In $\triangle ABC$,$AD$ is a median. $E$ is the midpoint of $BD$ and $O$ is the midpoint of $AE$. Prove that $ar(AOB) = \frac{1}{8} ar(ABC)$.

(N/A) $1$. Since $AD$ is the median of $\triangle ABC$,it divides the triangle into two triangles of equal area. Therefore,$ar(ABD) = \frac{1}{2} ar(ABC)$.
$2$. In $\triangle ABD$,$AE$ is a median because $E$ is the midpoint of $BD$. Thus,$ar(ABE) = \frac{1}{2} ar(ABD)$.
$3$. Substituting the value from step $1$: $ar(ABE) = \frac{1}{2} \times (\frac{1}{2} ar(ABC)) = \frac{1}{4} ar(ABC)$.
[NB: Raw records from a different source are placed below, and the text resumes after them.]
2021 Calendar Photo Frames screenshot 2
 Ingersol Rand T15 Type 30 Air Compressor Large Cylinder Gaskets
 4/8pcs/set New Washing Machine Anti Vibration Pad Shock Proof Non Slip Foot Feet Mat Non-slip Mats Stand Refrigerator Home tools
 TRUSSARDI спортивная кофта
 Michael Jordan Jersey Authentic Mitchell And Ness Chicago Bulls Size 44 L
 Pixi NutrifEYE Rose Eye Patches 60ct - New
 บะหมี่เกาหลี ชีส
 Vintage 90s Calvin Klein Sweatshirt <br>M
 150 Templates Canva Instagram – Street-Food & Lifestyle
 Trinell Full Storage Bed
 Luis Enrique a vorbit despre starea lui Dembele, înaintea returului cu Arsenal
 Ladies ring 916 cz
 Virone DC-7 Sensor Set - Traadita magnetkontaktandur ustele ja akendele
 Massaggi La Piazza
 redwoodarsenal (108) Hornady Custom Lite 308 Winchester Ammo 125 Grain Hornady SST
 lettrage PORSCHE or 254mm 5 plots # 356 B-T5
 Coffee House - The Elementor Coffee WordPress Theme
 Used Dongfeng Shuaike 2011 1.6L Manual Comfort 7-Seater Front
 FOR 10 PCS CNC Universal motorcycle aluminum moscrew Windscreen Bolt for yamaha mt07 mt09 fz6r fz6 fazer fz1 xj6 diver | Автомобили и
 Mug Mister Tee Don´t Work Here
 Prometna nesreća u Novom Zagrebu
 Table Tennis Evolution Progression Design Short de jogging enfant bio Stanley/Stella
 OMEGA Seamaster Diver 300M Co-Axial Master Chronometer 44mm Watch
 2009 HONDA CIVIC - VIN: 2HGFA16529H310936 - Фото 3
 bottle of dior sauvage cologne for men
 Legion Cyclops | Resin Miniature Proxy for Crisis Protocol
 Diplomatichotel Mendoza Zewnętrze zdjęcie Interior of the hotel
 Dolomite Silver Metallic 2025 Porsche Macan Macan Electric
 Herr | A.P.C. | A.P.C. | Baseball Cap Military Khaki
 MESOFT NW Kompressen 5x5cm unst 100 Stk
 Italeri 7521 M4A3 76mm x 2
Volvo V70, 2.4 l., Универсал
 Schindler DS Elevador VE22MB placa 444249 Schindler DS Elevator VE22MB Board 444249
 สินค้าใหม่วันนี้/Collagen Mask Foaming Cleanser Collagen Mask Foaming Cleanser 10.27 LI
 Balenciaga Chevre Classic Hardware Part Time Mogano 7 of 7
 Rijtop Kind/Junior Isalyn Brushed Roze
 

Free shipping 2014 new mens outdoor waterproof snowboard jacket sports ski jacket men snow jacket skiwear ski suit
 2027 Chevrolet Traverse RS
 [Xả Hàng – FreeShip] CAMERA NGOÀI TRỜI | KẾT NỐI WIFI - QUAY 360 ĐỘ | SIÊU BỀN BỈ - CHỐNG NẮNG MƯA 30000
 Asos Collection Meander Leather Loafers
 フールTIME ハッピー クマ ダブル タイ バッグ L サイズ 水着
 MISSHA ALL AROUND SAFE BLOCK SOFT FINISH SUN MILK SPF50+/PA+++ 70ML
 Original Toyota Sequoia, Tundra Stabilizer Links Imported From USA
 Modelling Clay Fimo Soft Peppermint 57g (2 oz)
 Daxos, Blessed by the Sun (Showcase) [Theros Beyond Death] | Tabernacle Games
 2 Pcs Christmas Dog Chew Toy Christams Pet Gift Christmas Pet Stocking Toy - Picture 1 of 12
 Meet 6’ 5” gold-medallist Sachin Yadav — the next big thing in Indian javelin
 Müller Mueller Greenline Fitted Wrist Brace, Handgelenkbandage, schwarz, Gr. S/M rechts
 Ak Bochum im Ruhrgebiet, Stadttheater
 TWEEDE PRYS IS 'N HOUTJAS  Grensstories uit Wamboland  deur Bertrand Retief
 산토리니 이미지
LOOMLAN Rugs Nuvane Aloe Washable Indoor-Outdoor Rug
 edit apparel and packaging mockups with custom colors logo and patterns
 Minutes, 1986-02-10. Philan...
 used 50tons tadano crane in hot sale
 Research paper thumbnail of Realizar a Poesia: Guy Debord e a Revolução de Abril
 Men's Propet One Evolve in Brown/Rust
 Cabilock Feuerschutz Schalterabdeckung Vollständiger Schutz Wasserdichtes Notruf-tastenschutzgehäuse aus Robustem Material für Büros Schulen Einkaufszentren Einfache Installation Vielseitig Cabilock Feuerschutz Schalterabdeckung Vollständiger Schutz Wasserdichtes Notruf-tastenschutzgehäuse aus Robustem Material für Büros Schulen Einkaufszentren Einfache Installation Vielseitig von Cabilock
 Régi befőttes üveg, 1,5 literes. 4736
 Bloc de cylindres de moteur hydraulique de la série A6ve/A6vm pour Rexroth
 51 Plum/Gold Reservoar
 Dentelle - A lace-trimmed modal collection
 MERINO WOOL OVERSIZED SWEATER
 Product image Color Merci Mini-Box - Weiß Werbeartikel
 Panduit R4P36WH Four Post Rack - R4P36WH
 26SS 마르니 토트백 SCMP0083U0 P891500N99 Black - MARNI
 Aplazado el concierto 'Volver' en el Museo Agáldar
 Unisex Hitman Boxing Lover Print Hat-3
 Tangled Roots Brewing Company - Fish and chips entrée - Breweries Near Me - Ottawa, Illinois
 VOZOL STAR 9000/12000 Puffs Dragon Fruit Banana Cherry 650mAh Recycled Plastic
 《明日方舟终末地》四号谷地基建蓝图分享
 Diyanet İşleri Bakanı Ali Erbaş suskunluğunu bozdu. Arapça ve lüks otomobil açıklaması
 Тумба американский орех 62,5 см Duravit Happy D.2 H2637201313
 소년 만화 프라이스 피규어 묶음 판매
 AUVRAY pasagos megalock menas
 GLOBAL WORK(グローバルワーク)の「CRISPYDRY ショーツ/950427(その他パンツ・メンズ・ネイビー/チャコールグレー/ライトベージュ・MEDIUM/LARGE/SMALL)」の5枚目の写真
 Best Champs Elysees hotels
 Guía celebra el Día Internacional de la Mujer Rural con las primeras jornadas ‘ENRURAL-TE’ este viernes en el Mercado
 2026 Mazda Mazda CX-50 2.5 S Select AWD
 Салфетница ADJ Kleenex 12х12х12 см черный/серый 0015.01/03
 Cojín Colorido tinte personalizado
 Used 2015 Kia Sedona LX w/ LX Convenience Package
$4$. In $\triangle ABE$,$BO$ is a median because $O$ is the midpoint of $AE$. Thus,$ar(AOB) = \frac{1}{2} ar(ABE)$.
$5$. Substituting the value from step $3$: $ar(AOB) = \frac{1}{2} \times (\frac{1}{4} ar(ABC)) = \frac{1}{8} ar(ABC)$.
$6$. Hence,it is proved that $ar(AOB) = \frac{1}{8} ar(ABC)$.